BRIEF: Going from the top of the listing below to the line that holds "SMF sudadera oversize", reproduce each line exactly; no pictures.

(INFORMATION begins)

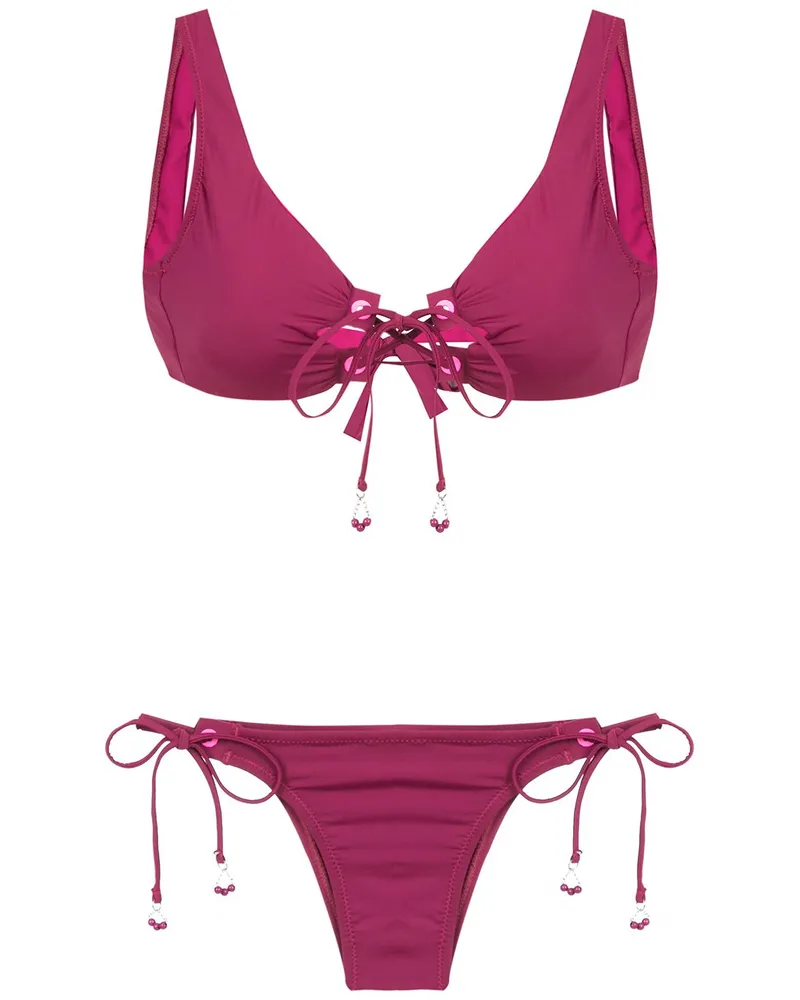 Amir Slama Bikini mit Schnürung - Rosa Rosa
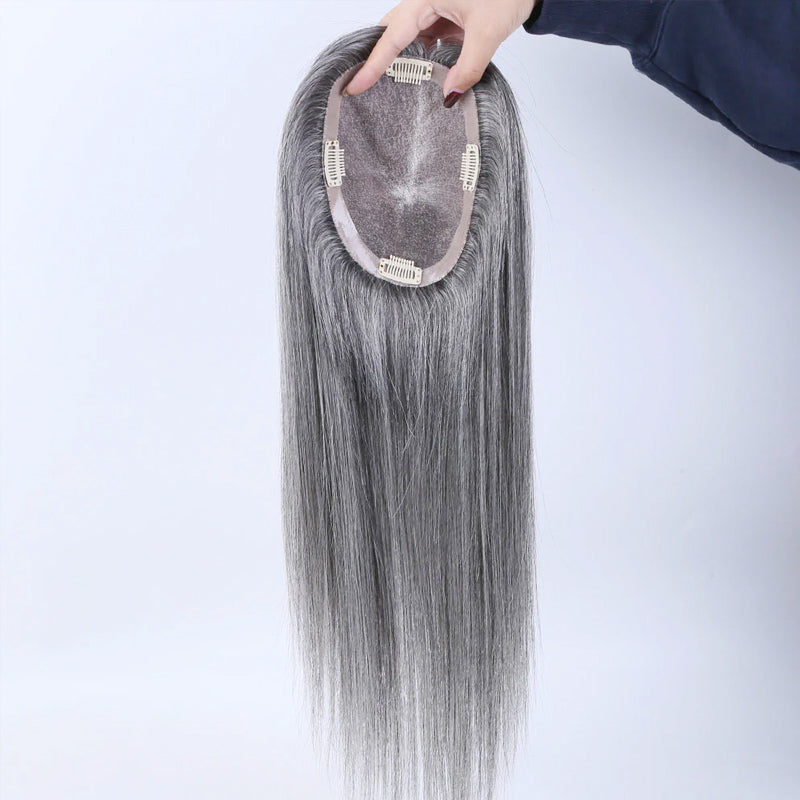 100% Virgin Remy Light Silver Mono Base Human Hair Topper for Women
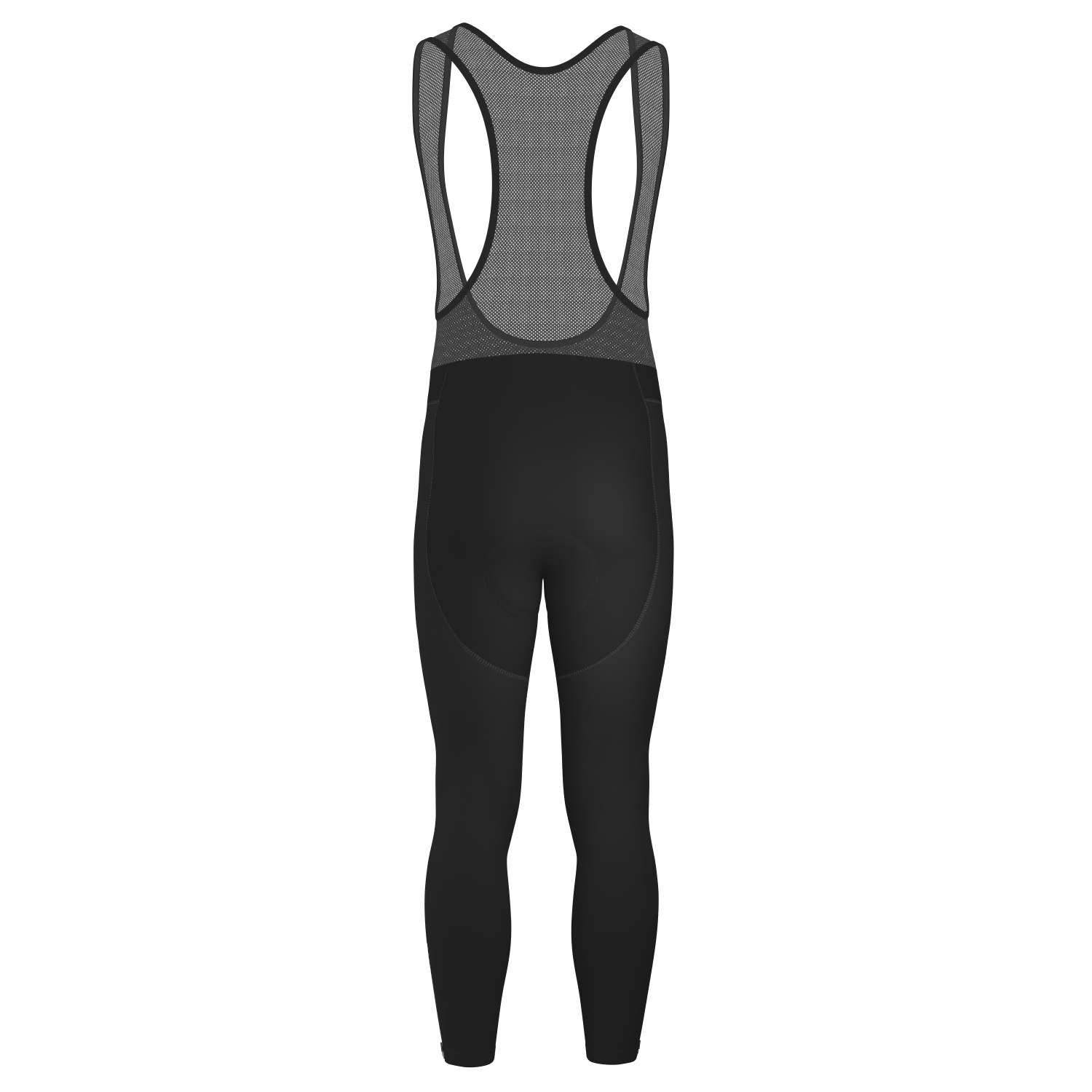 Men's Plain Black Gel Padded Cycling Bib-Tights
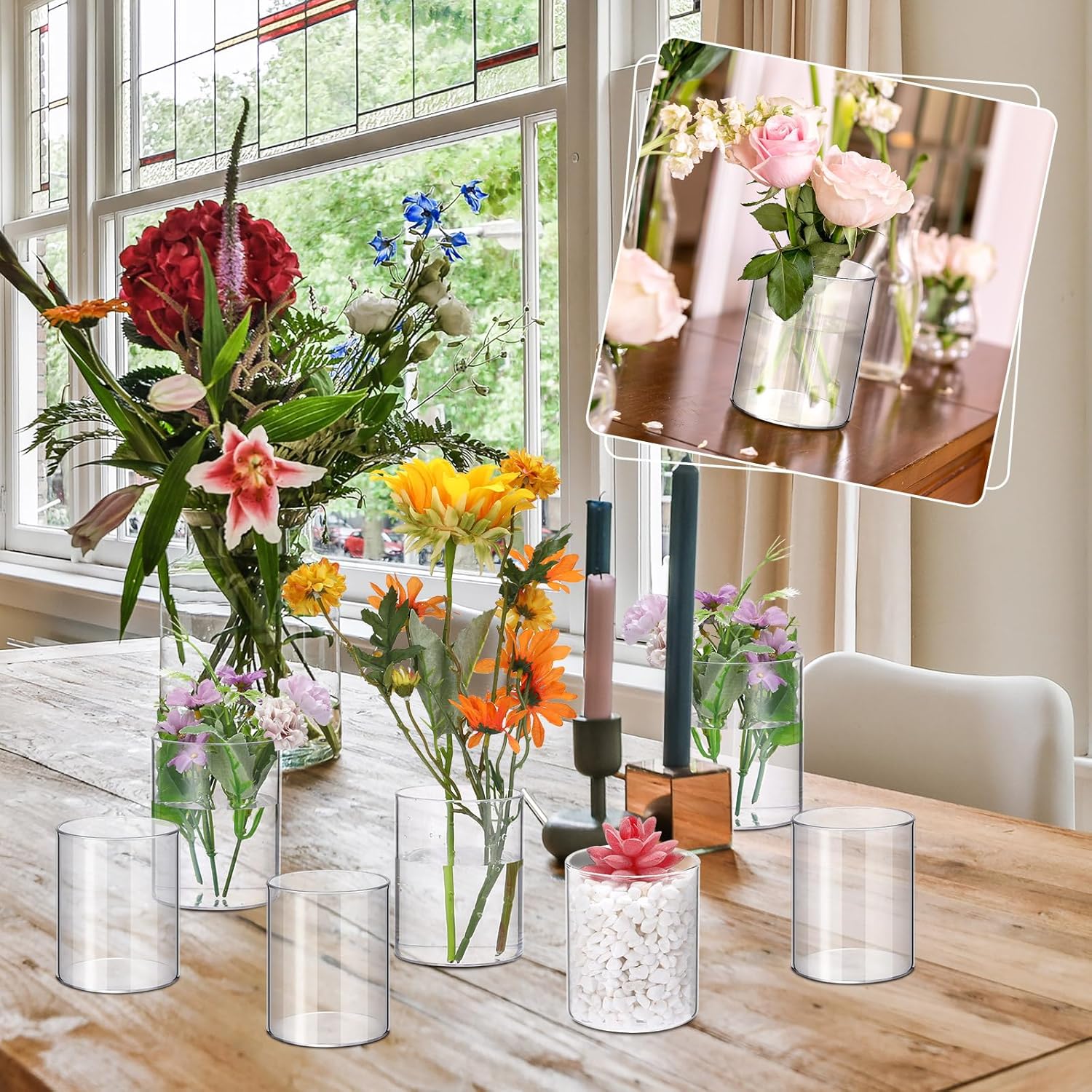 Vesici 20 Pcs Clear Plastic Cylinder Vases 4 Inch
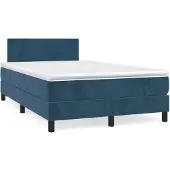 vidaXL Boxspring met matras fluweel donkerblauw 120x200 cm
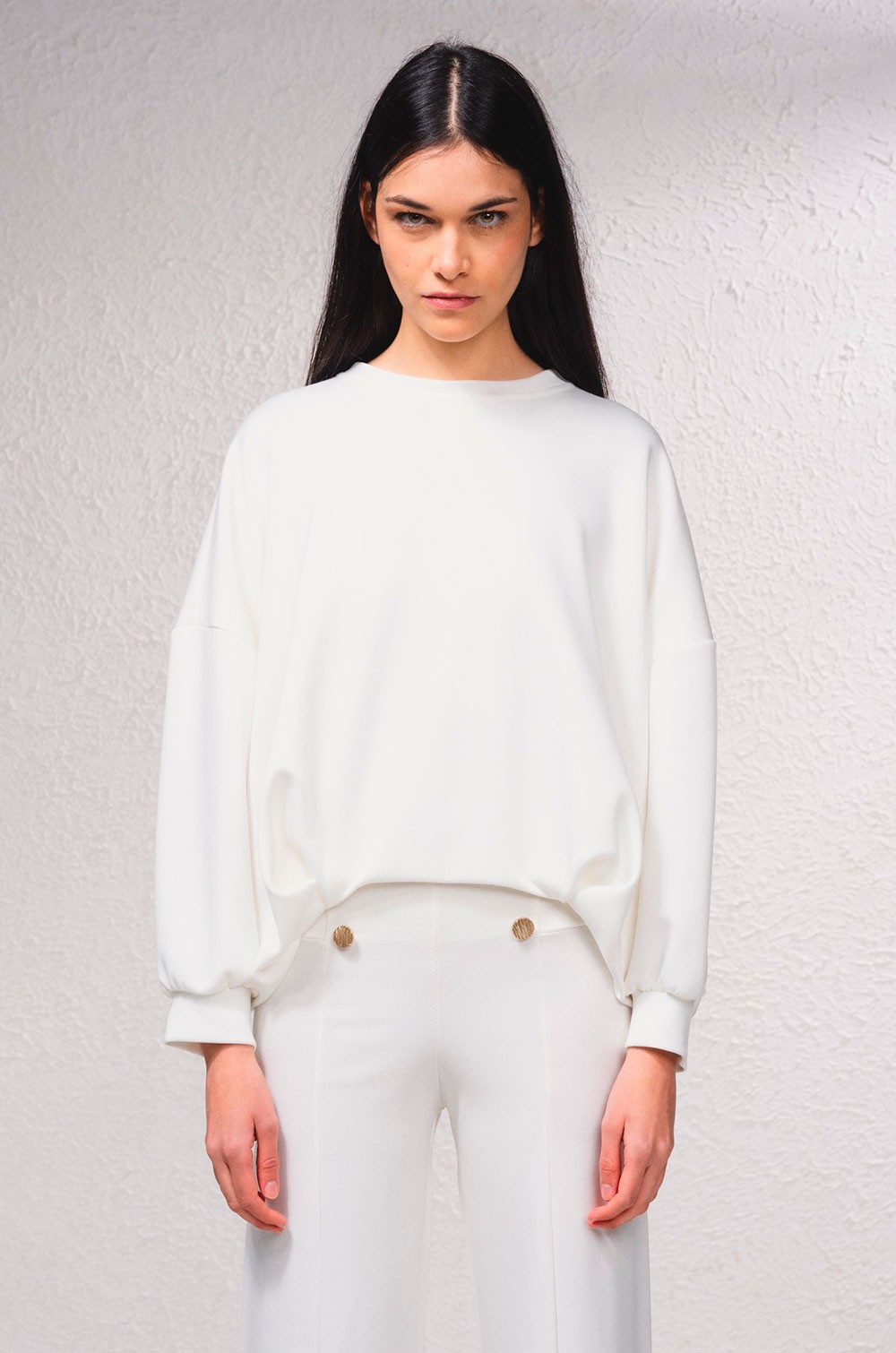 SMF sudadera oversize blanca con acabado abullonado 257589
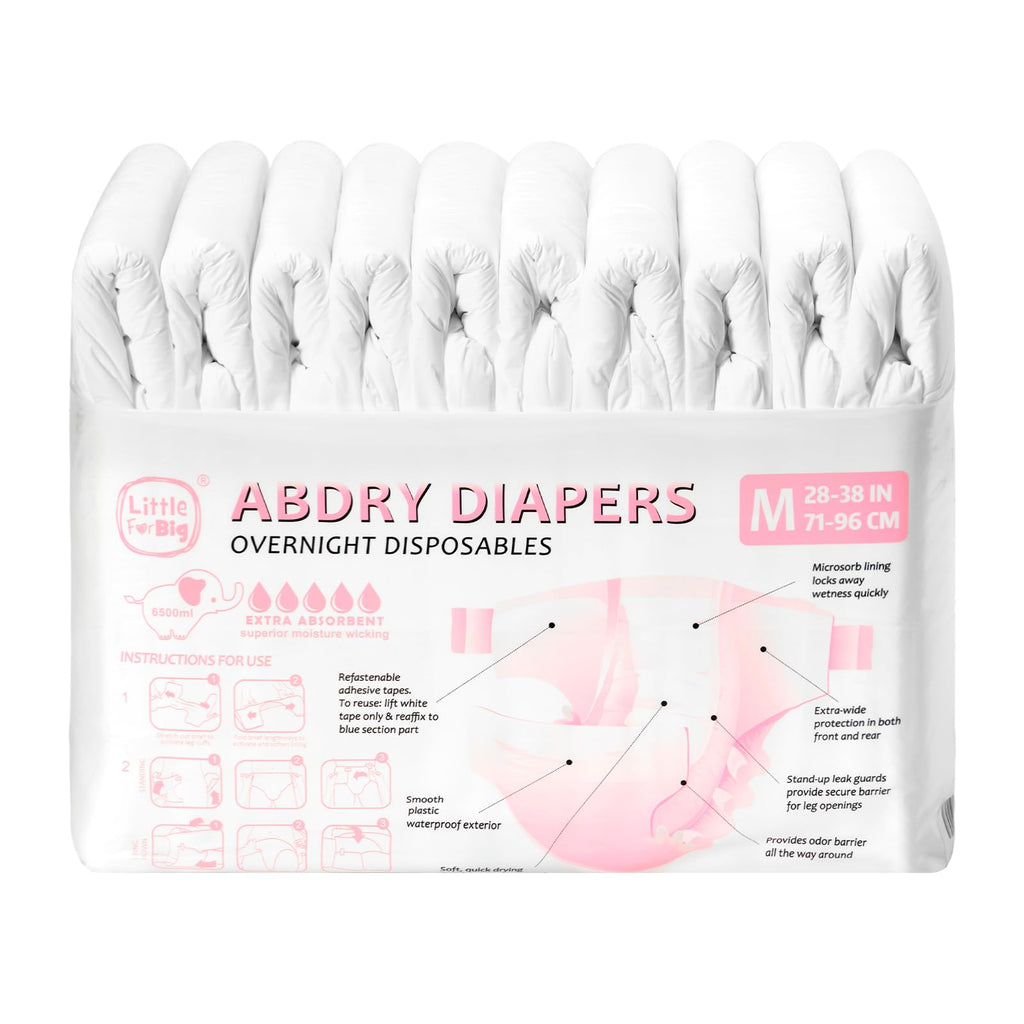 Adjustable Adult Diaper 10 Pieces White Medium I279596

(INFORMATION ends)

ANSWER SPACE:
 Amir Slama Bikini mit Schnürung - Rosa Rosa
 100% Virgin Remy Light Silver Mono Base Human Hair Topper for Women
 Men's Plain Black Gel Padded Cycling Bib-Tights
 Vesici 20 Pcs Clear Plastic Cylinder Vases 4 Inch
 vidaXL Boxspring met matras fluweel donkerblauw 120x200 cm
 SMF sudadera oversize blanca con acabado abullonado 257589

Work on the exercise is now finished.